WHAT YOU ARE ASKED TO DO: Look below for the line with "Herpa- Scania Modello"; begin the copy there and stop after the line with "Tour360 22 Golf", keeping the text exact and the pictures out.

DATASET RECORDS:
----------

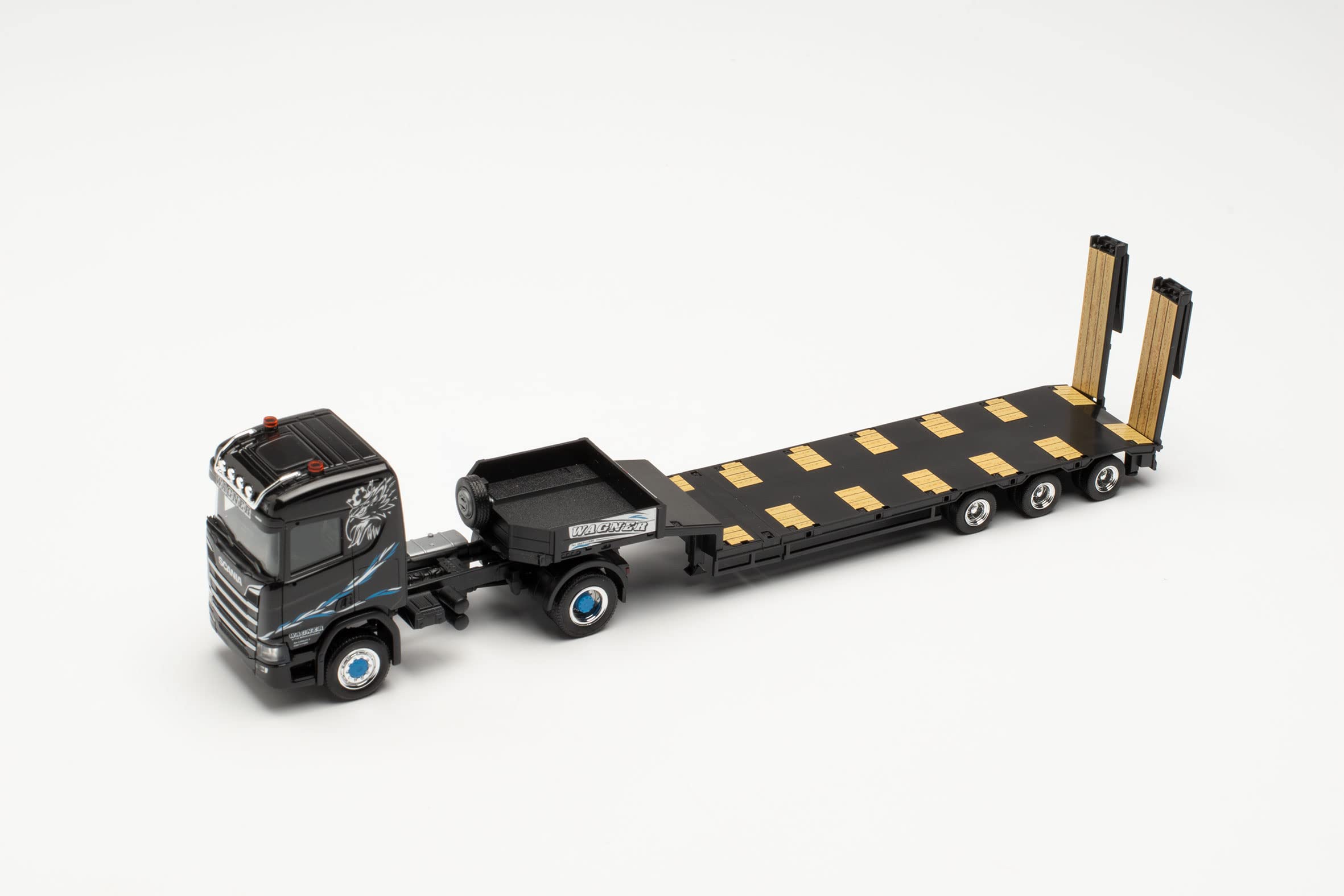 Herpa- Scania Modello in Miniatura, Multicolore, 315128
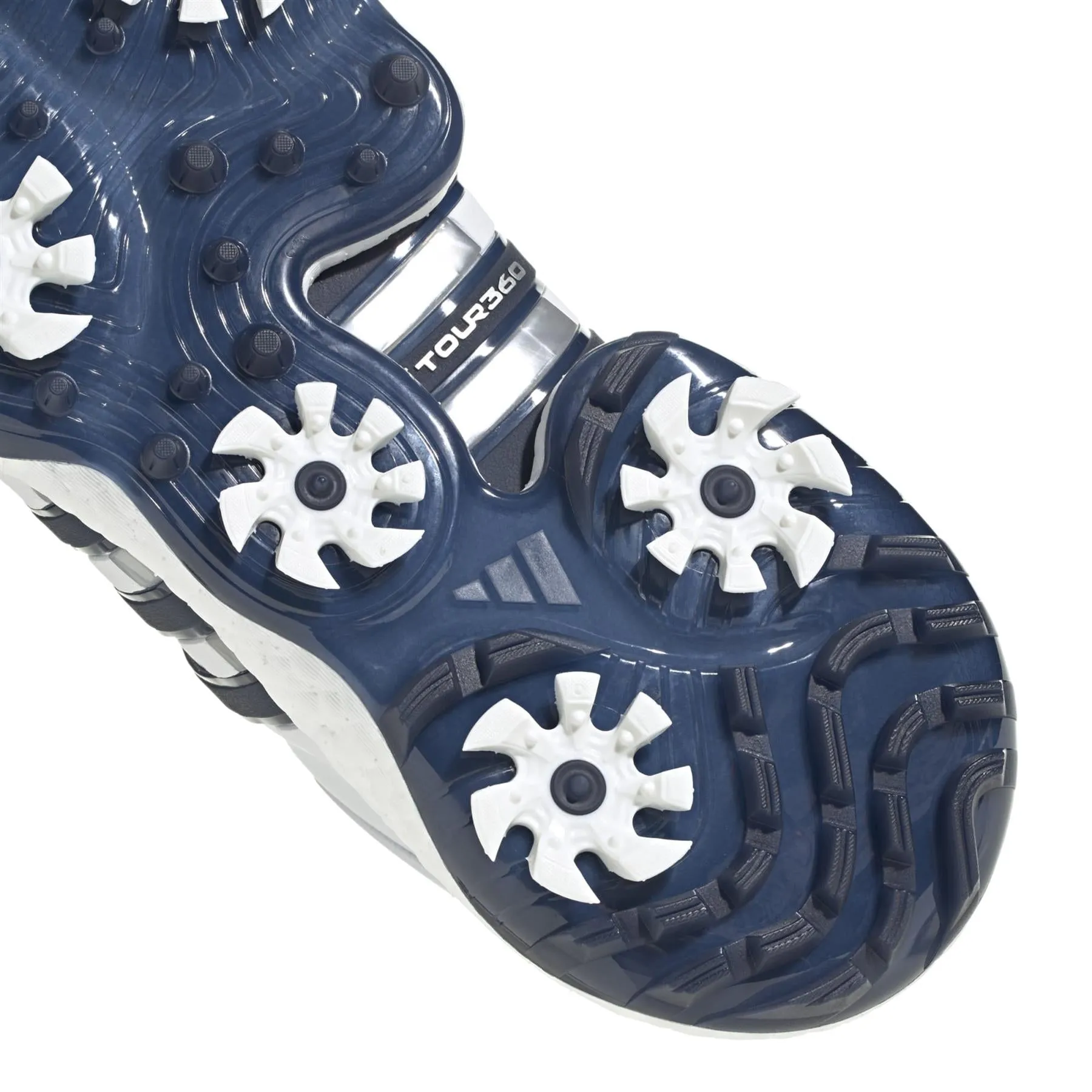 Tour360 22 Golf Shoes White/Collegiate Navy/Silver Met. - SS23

----------

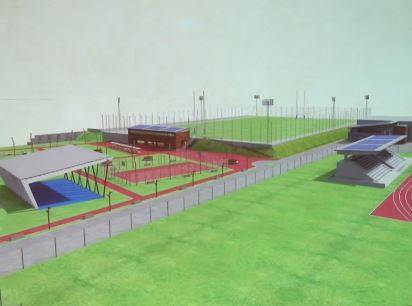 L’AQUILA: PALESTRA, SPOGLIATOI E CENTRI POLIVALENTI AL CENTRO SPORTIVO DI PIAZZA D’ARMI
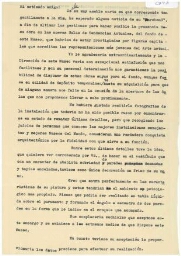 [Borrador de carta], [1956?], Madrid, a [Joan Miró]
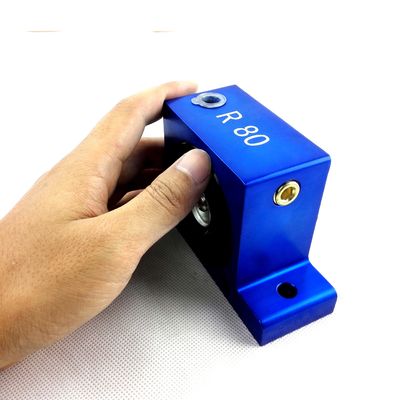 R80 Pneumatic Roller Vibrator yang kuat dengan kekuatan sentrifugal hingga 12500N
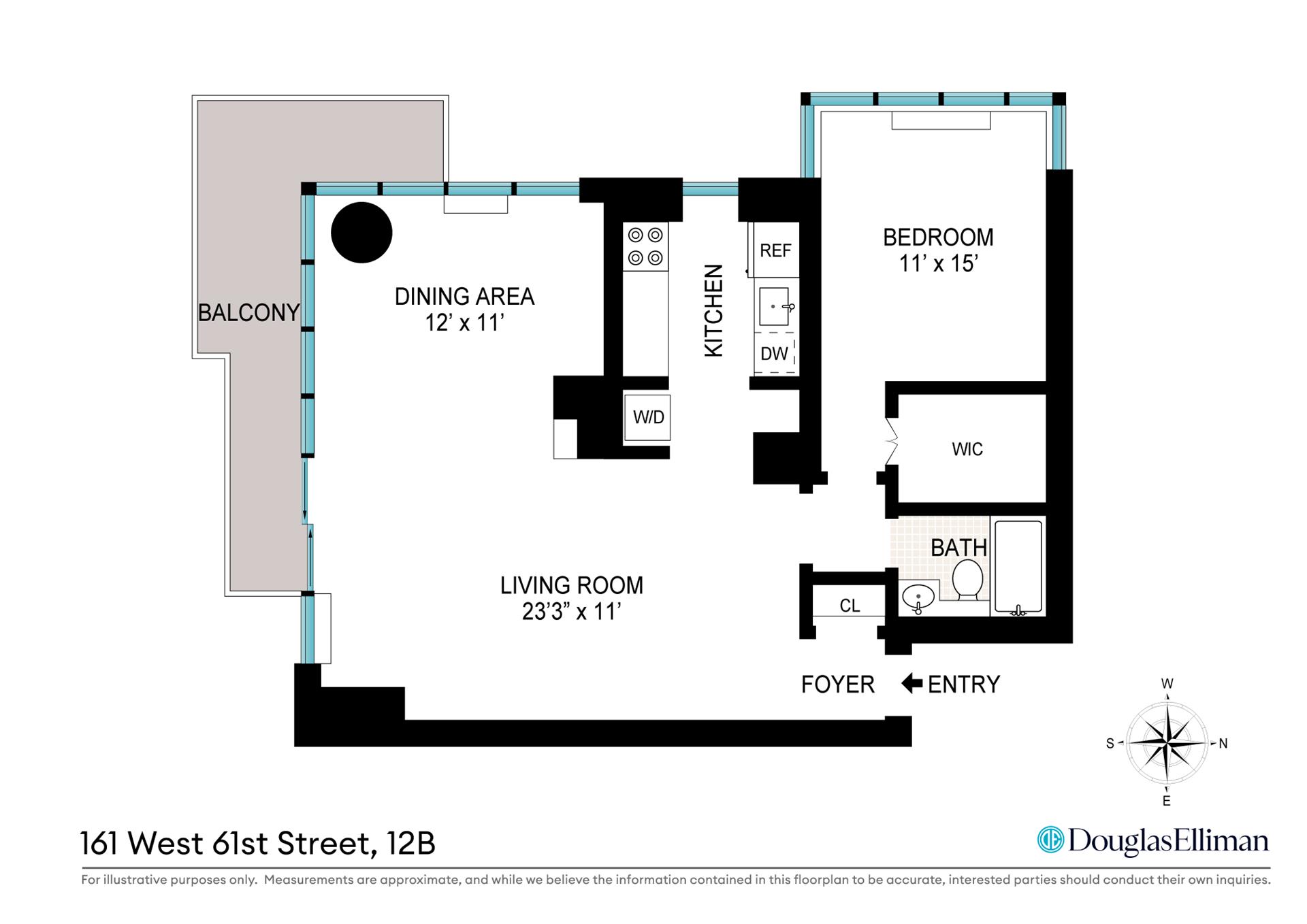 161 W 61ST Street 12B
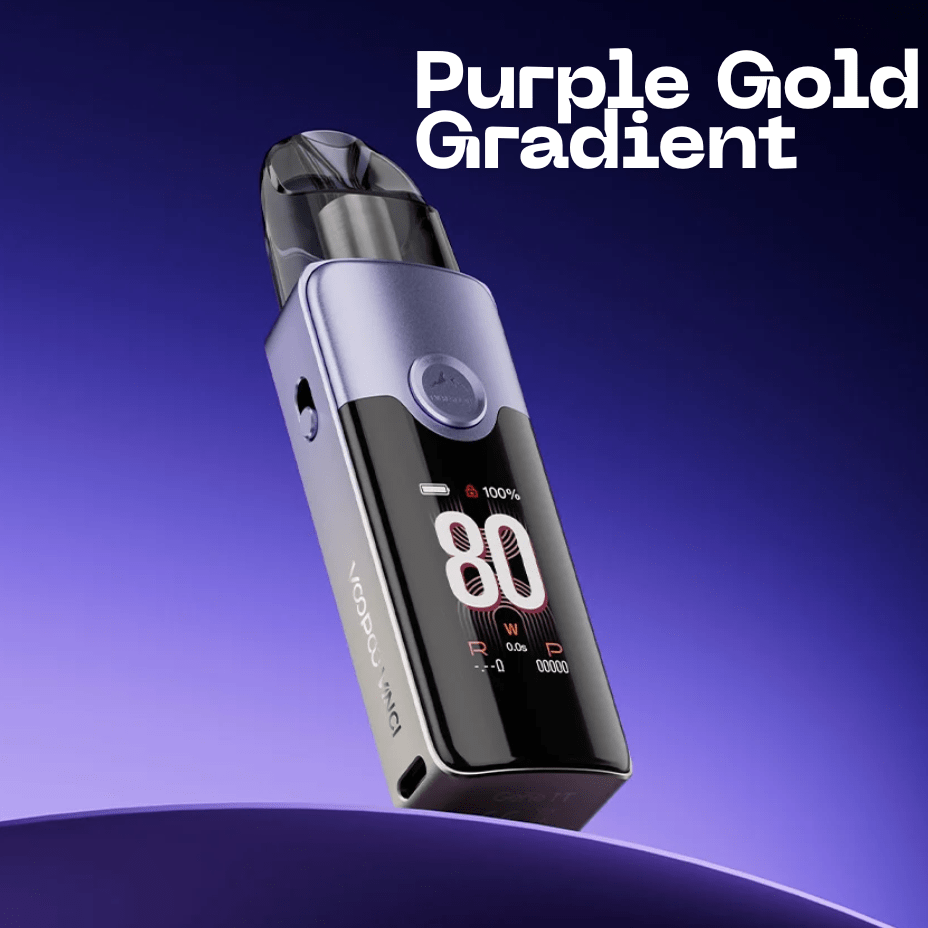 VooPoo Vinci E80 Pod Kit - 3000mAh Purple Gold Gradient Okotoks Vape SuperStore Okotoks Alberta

----------

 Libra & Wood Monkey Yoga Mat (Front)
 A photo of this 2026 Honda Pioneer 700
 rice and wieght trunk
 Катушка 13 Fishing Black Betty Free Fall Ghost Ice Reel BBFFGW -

----------

THE COMPLETED TASK:
 Herpa- Scania Modello in Miniatura, Multicolore, 315128
 Tour360 22 Golf Shoes White/Collegiate Navy/Silver Met. - SS23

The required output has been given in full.